Une coïncidence?

Déjà que la région de l'Outaouais se plaint depuis des lunes d'être l'éternelle négligée à Québec. Pauline Marois ne fait rien pour corriger cette perception en espaçant ses rares visites dans la région.
C'est certain, il va s'en trouver pour accuser la première ministre du Québec de faire preuve d'opportunisme en planifiant une visite en Outaouais à quelques jours d'un probable déclenchement des élections au Québec. Sauf imprévu, Mme Marois a confirmé qu'elle s'arrêtera dans la région le 27 février.
Sa visite précédente, qui remonte à près d'une année et demie, coïncidait également avec son calendrier électoral. C'était le 31 août 2012, à la fin de la dernière campagne électorale provinciale. Je m'en souviens comme si c'était hier. Pauline Marois était débarquée tout sourire à Gatineau, galvanisée par des sondages favorables qui allaient se confirmer, quelques jours plus tard, par son élection à la tête d'un gouvernement minoritaire.

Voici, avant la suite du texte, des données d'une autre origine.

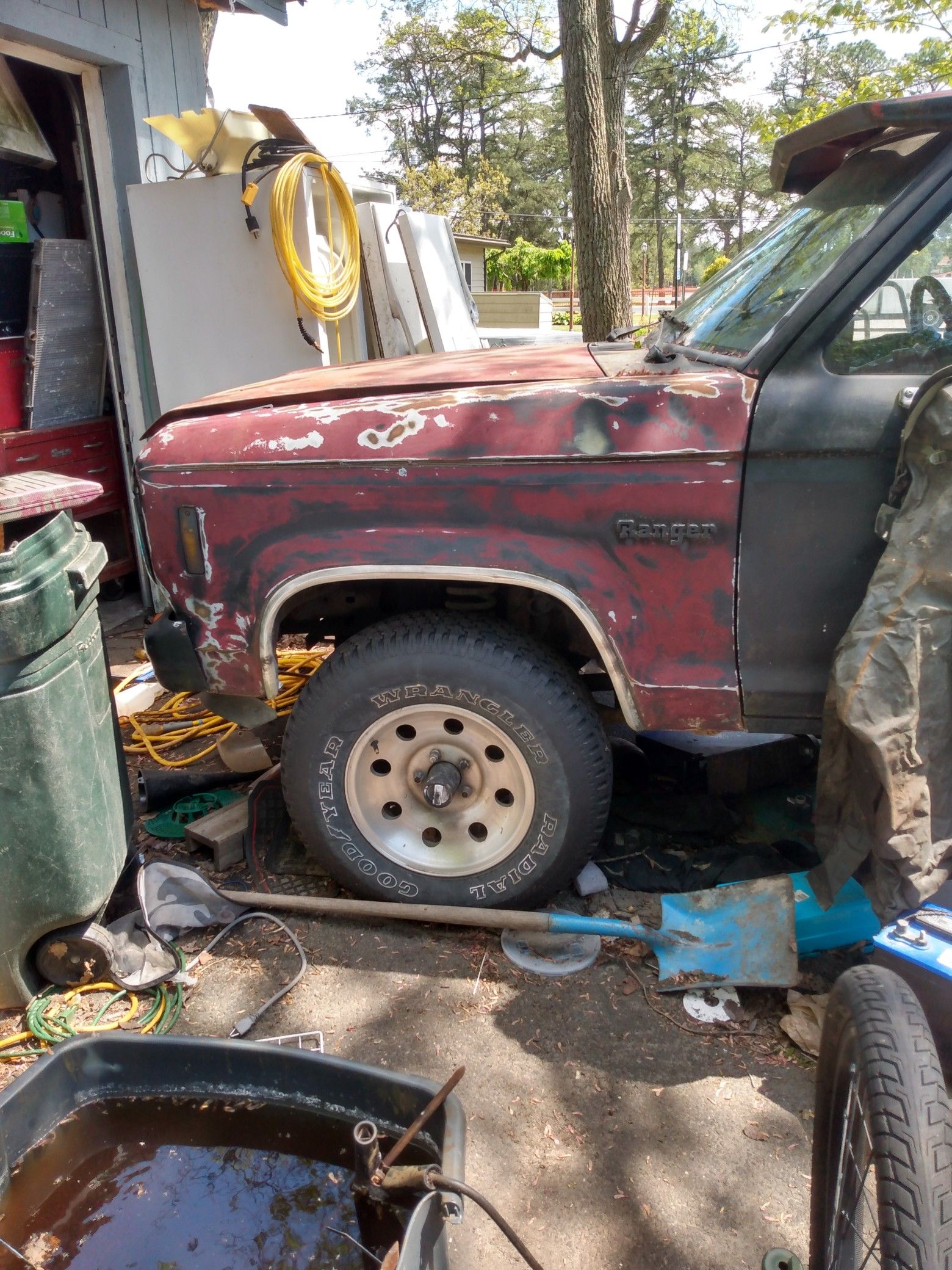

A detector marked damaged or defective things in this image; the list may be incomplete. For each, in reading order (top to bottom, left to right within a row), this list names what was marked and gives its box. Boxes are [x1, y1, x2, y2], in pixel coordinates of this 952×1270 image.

peeling red paint [137, 347, 757, 728]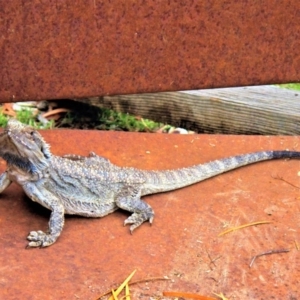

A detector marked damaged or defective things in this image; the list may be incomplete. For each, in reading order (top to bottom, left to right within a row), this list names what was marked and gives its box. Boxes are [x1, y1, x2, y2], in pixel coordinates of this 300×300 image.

rusty metal sheet [0, 0, 298, 102]
rusty metal sheet [0, 130, 300, 298]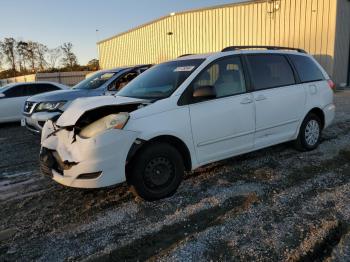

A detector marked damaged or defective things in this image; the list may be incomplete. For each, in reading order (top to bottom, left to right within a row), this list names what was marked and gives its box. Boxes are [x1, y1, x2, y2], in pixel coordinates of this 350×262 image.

crumpled front bumper [40, 121, 139, 188]
damaged white minivan [39, 46, 334, 200]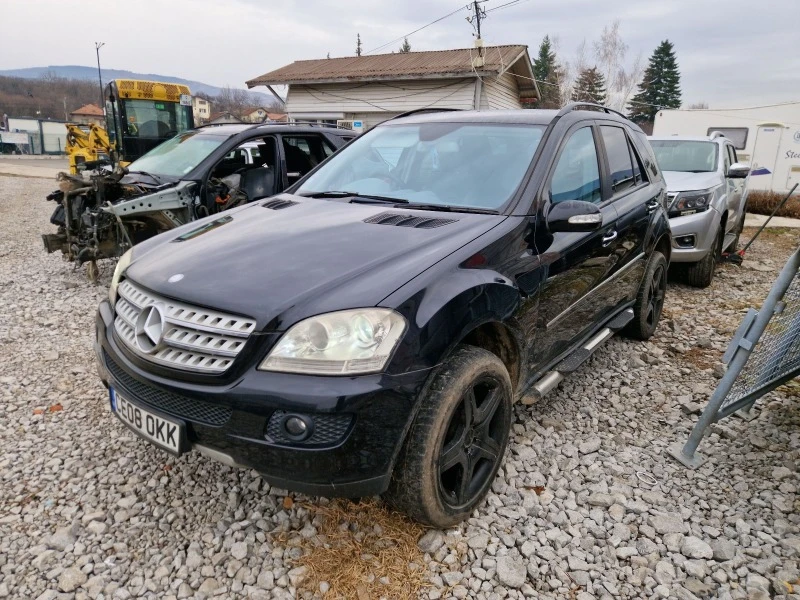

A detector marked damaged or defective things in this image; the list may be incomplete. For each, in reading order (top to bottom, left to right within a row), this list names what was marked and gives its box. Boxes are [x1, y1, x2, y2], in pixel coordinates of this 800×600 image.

car with missing hood [92, 104, 668, 524]
car with missing hood [648, 134, 752, 288]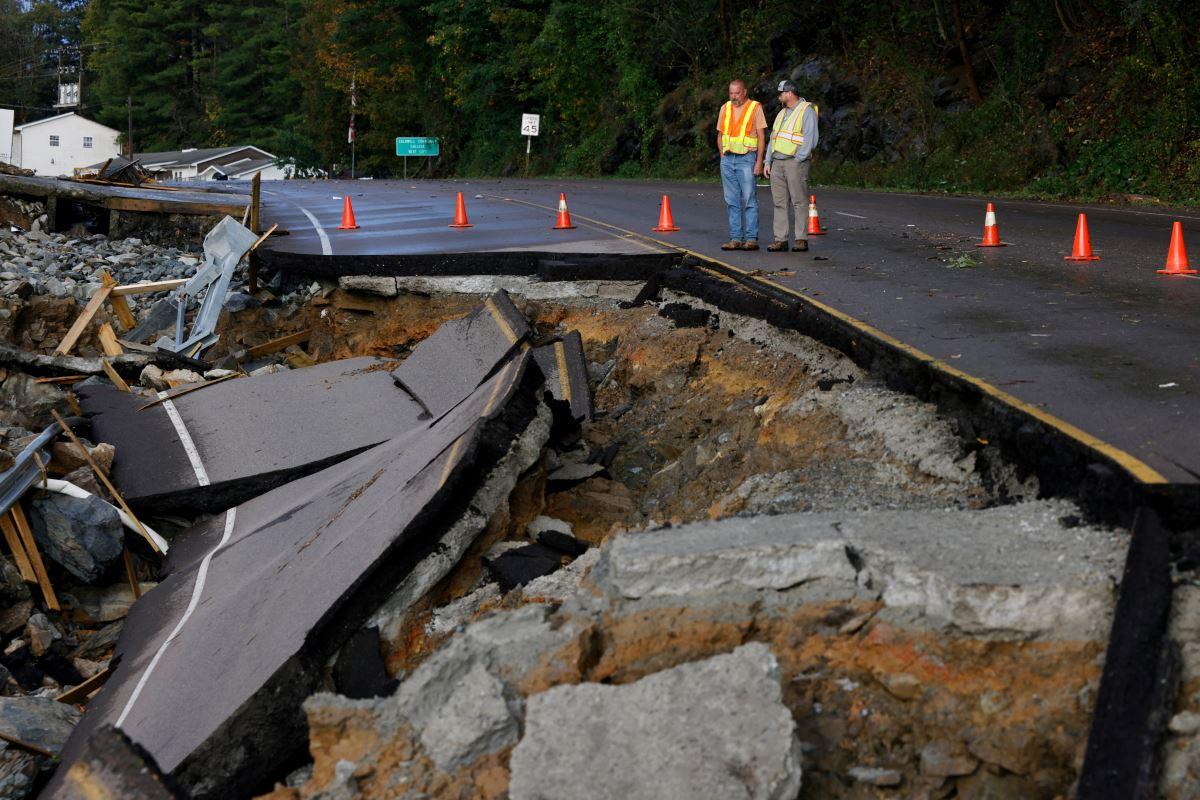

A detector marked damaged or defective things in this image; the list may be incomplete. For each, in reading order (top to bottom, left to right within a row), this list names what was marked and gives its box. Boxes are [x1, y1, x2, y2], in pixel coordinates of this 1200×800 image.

broken asphalt slab [49, 350, 547, 800]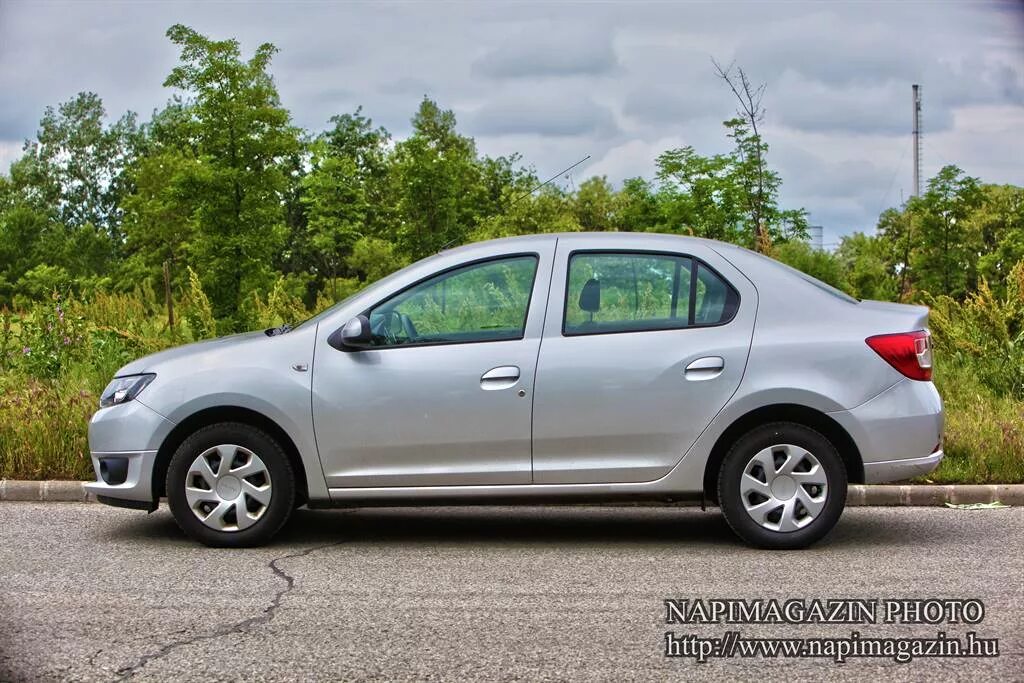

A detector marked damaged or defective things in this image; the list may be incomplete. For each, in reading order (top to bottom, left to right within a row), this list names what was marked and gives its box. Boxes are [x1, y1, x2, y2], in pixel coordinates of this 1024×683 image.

cracked asphalt [2, 501, 1024, 679]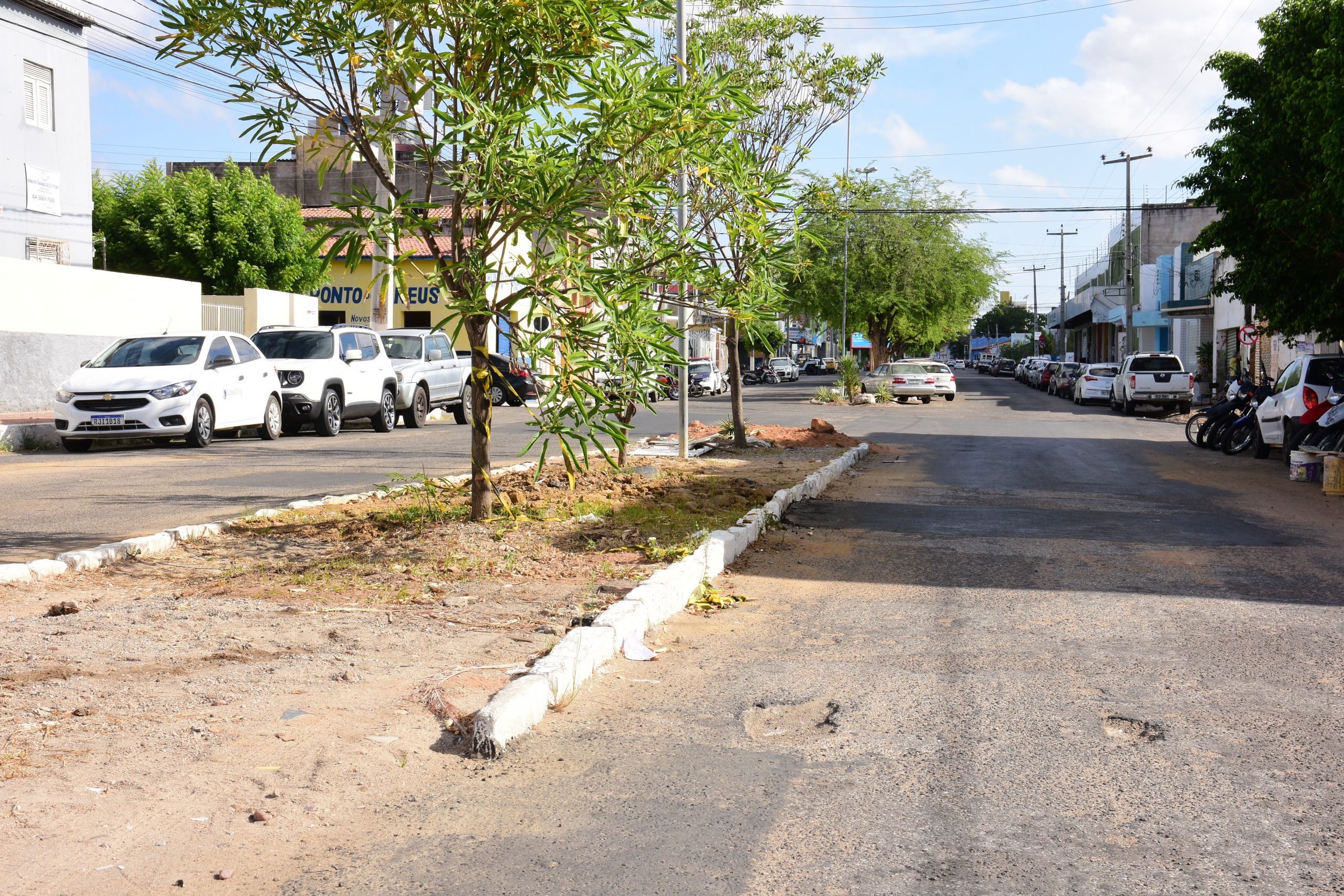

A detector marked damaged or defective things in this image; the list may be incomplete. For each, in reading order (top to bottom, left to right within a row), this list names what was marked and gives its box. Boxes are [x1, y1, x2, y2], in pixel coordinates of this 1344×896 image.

road pothole [748, 697, 840, 739]
road pothole [1100, 714, 1168, 739]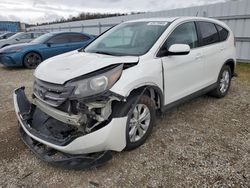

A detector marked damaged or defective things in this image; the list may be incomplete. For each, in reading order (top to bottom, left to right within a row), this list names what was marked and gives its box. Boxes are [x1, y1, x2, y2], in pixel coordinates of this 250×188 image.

crushed hood [33, 50, 139, 84]
cracked headlight [67, 64, 123, 97]
damaged front bumper [12, 87, 128, 170]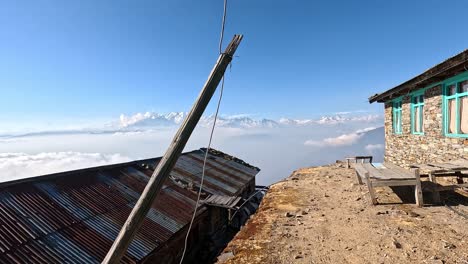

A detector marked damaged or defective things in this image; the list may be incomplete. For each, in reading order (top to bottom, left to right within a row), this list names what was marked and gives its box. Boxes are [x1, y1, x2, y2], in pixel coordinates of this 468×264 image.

rusted corrugated sheet [0, 147, 260, 262]
rusty metal roof sheet [0, 148, 260, 262]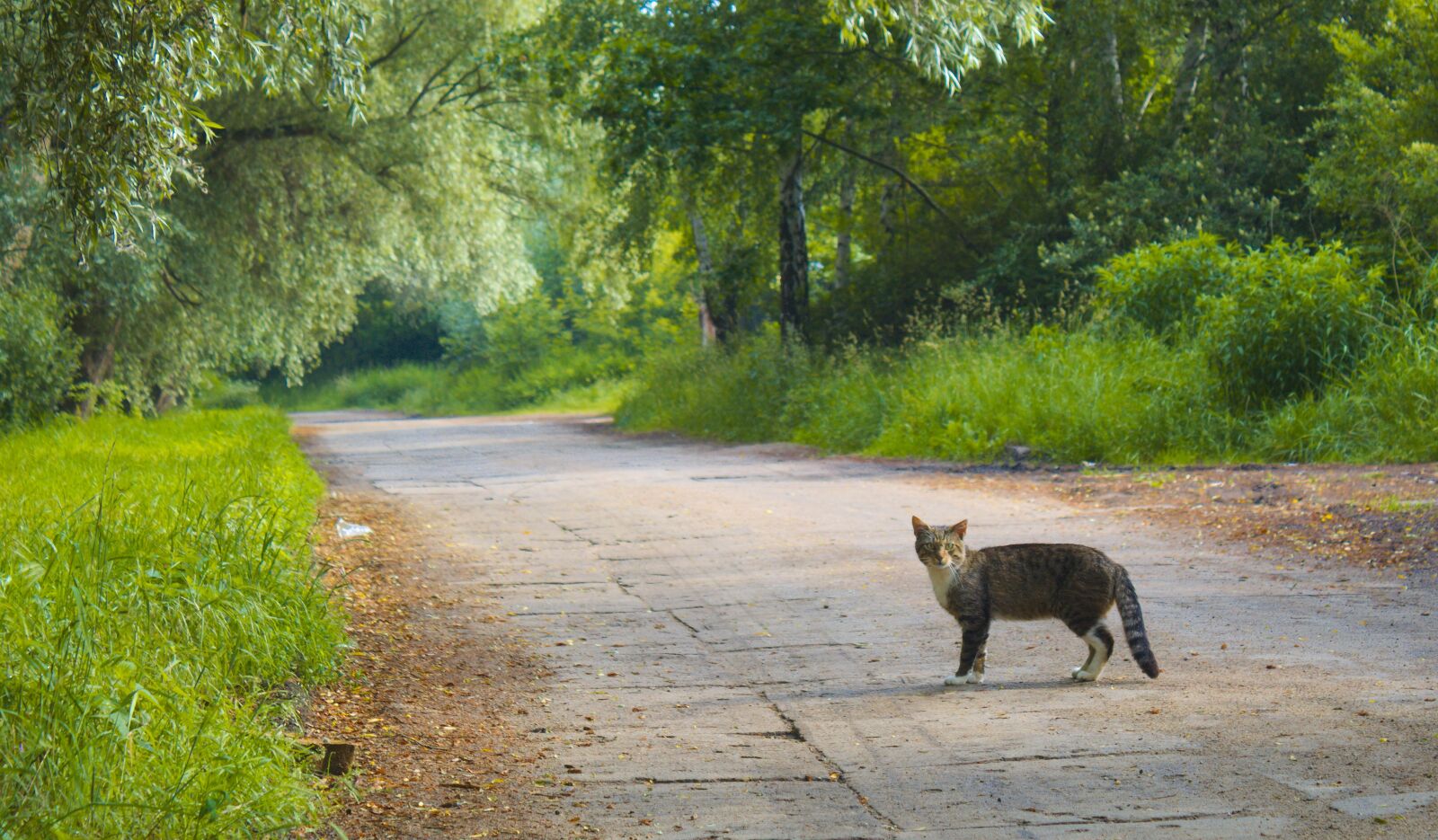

C'est difficile à vérifier sans avoir en main l'emploi du temps de la chef du Parti québécois, mais on a l'impression qu'elle a visité la presque totalité des régions du Québec durant son mandat... à l'exception de l'Outaouais.
Pourtant, ce ne sont pas les occasions qui manquaient de venir couper un ruban en Outaouais. Elle aurait pu venir inaugurer le début des travaux d'agrandissement de 22 millions du pavillon Félix-Leclerc du Cégep de l'Outaouais. Ou annoncer les deux nouvelles écoles du Plateau. Ou le nouveau plan de rapatriement des soins de santé. Ou même inaugurer le Rapibus, un projet de 255 millions auquel Québec a contribué 75 % de la somme.
On veut bien que l'Outaouais soit un bastion libéral et une région fédéraliste. Mais pourquoi ne pas profiter de ce qu'elle est au pouvoir pour faire avancer son option dans la région ? D'autant plus que, sur la question nationale, il y a de beaux dossiers en ce moment pour lui donner des munitions. Cet affrontement entre la Ville de Gatineau et la Commission de la capitale nationale à propos de la fermeture de Gamelin était une belle occasion de casser du sucre sur le dos du fédéral, d'autant plus que le gouvernement conservateur s'est montré particulièrement intransigeant dans ce dossier.
C'était d'autant plus important pour Mme Marois de faire sentir sa présence que, faute de députés péquistes élus en Outaouais, elle a dû nommer un ministre de la Rive-Sud de Montréal comme responsable de la région. Même si Stéphane Bergeron a multiplié les visites en Outaouais, une région qu'il connaît bien, il ne peut faire sentir sa présence avec la même autorité que s'il y habitait.
On ne peut pas reprocher au gouvernement péquiste d'avoir négligé l'Outaouais depuis l'élection de Pauline Marois. S'il y a encore des dossiers qui branlent dans le manche, comme le prolongement du Rapibus jusqu'au boulevard Lorrain, bien d'autres se sont concrétisés. J'en nommais quelques-uns plus haut. Et on pense que Mme Marois profitera de son passage à Gatineau pour officialiser la construction du nouveau centre multifonctionnel.
Mais bon, quand les gens ont l'impression que la visite se présente chez elle dans le seul but de lui quêter des faveurs, on va l'accuser d'opportunisme. Ainsi en va-t-il de Pauline Marois qui, à dessein ou non, a fait coïncider ses deux dernières visites en Outaouais avec son calendrier électoral.